▶ **Required work**
The reply should hold every line of the listing exactly, and none of its images.

▶ **Exercise data**

[Start of section]

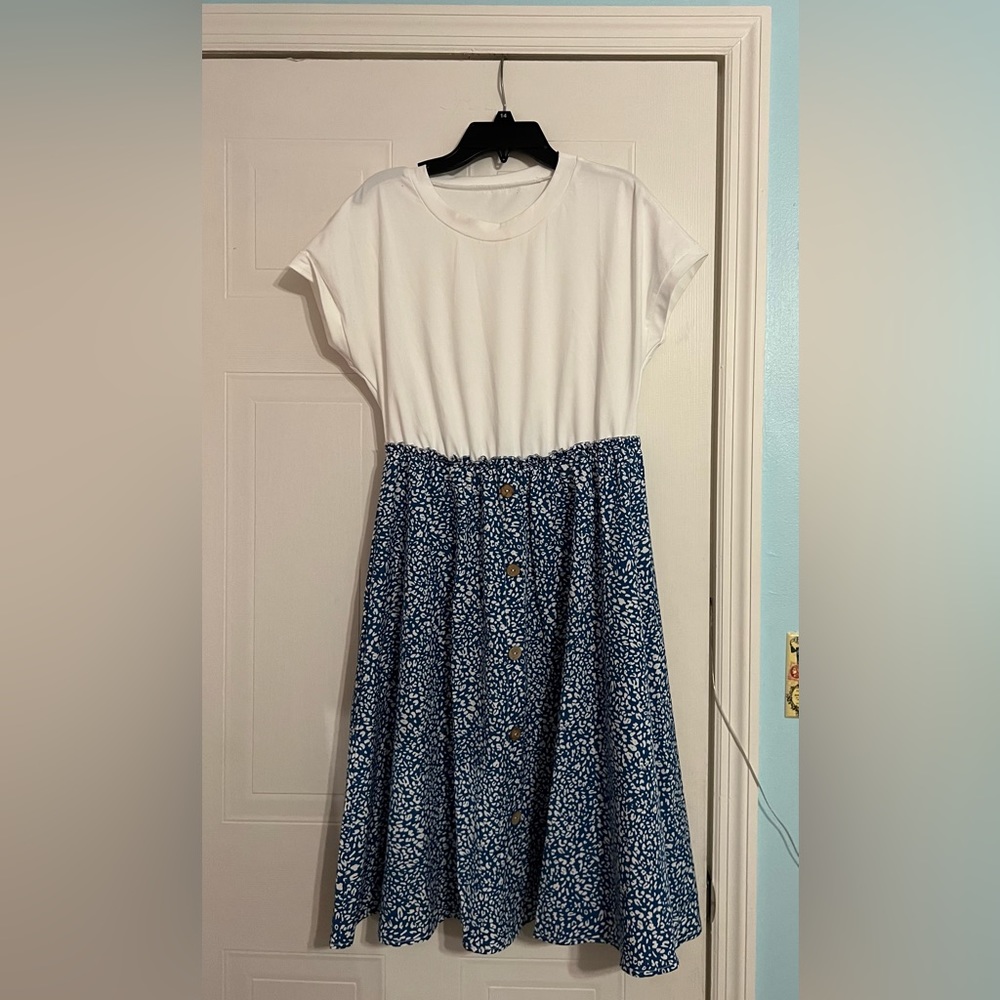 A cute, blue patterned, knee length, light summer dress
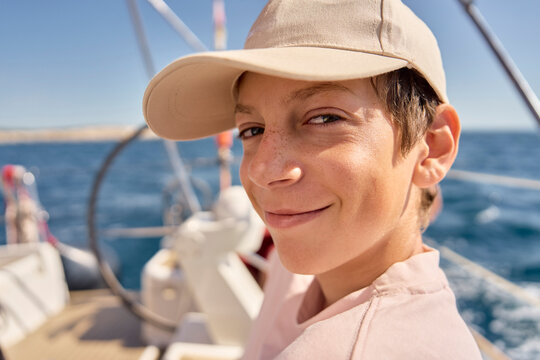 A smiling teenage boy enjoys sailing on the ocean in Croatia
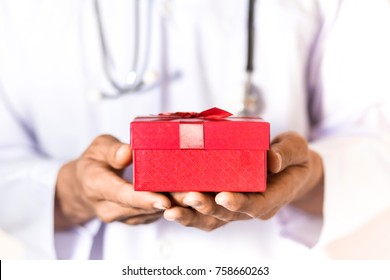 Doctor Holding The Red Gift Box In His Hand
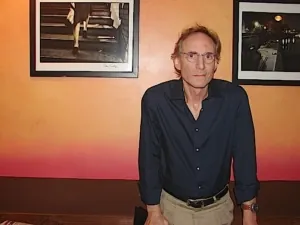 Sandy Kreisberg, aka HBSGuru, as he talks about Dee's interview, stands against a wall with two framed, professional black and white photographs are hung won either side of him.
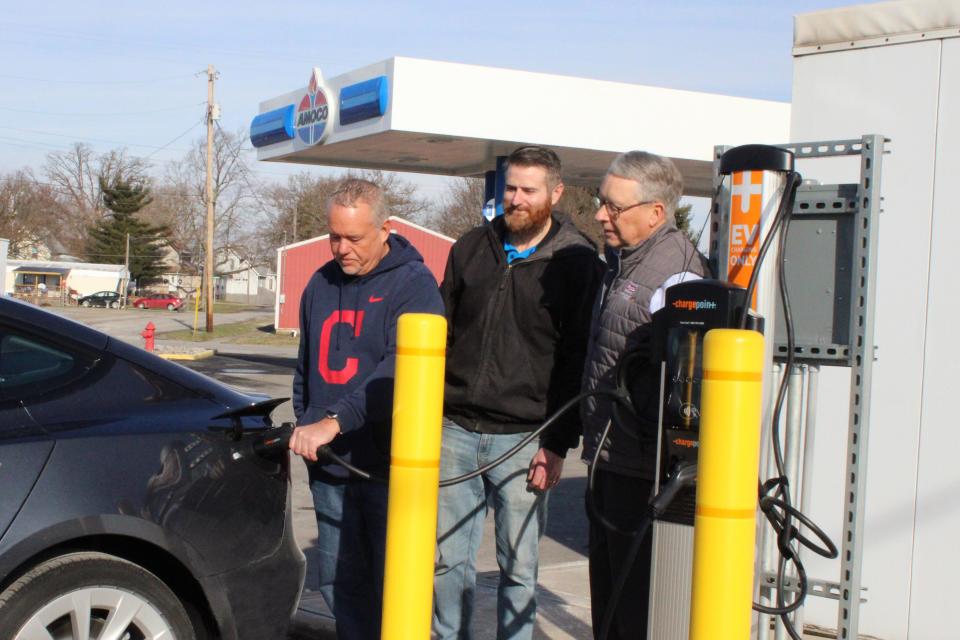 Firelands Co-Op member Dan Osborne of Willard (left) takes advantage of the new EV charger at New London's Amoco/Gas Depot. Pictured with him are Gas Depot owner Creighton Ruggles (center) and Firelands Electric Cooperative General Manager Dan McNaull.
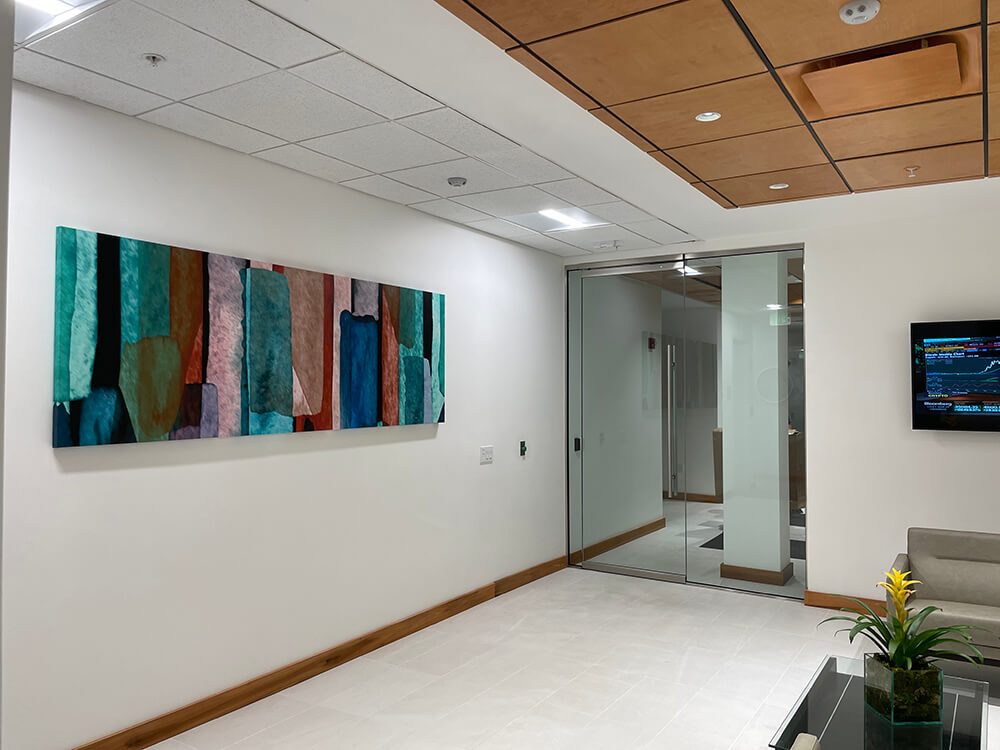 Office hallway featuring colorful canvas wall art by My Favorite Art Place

[End of section]

▶ **Exercise output**
 A cute, blue patterned, knee length, light summer dress
 A smiling teenage boy enjoys sailing on the ocean in Croatia
 Doctor Holding The Red Gift Box In His Hand
 Sandy Kreisberg, aka HBSGuru, as he talks about Dee's interview, stands against a wall with two framed, professional black and white photographs are hung won either side of him.
 Firelands Co-Op member Dan Osborne of Willard (left) takes advantage of the new EV charger at New London's Amoco/Gas Depot. Pictured with him are Gas Depot owner Creighton Ruggles (center) and Firelands Electric Cooperative General Manager Dan McNaull.
 Office hallway featuring colorful canvas wall art by My Favorite Art Place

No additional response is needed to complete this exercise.